How to print 1 when any bit of a number equals 0?

Question

I need to print out the value 1 when any bit of a number equals 0, and am currently struggling with how I would go about doing this. I am not supposed to use any equality or inequality tests, and am basically restricted to just bit-level and logic operations. Any ideas?

int b = 15;
printf("prints 1 when any bit of a number equals 0: %d\n", //PRINT GOES HERE);

b = 10;
printf("prints 1 when any bit of a number equals 0: %d\n", //PRINT GOES HERE);

Answer 1

I do not understand your question but for two complement signed integer all bits are set for number -1

So you need to check if number is not equal -1

void foo(int a)
{
       printf("prints 1 when any bit of a number equals 0: %d\n", !((unsigned)a ^ (unsigned)-1));
}

int  main(void)
{
    foo(15);
}

But IMO it is too trivial.

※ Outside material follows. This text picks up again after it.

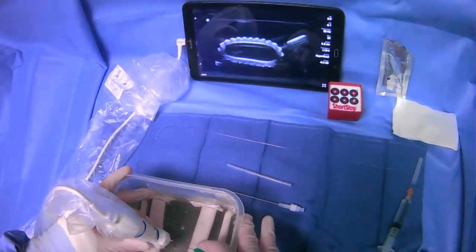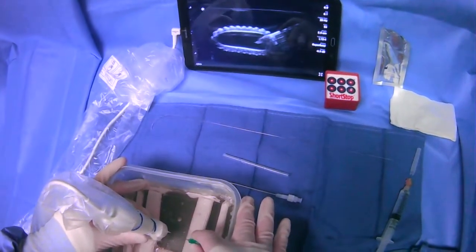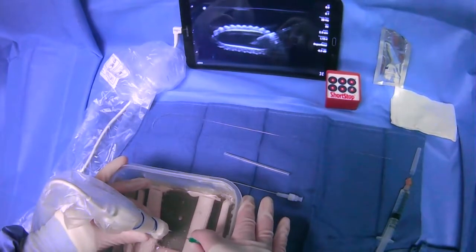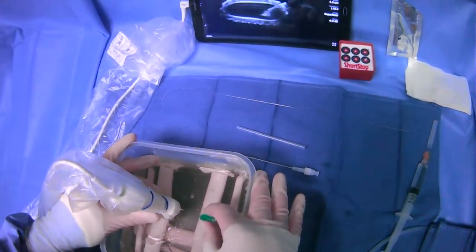We're going to get right outside, and then we're just going to puncture, making sure that we can follow the tip. We follow the tip — it's right in the lumen. At this point, we'd be getting blood back.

You probably want check starting from the first (most significant)set bit (so the 15 prints 0 but 14 prints 1 ):

unsigned mask(int a)
{
    int bit;
    if(!((unsigned)a ^ (unsigned)-1)) return -1;
    for(bit = sizeof(a)*CHAR_BIT - 1; bit; bit--)
    {
        if(((unsigned)a & (1U << bit))) break;
    }
    return (1U << (bit + 1)) - 1;
}

void foo(int a)
{
       printf("prints 1 when any bit of a number equals 0: %d\n", !!((a & mask(a)) ^ mask(a)));
}


int  main(void)
{
    foo(15);
}

Answer 2

You would want to create a mask with all 1's (~0x0) then XOR it with the number. If there are any 1's afterwords then at least one of the original bits was 0, and thus you can use &&1 to return 1 if there is at least one 1 and 0 if not.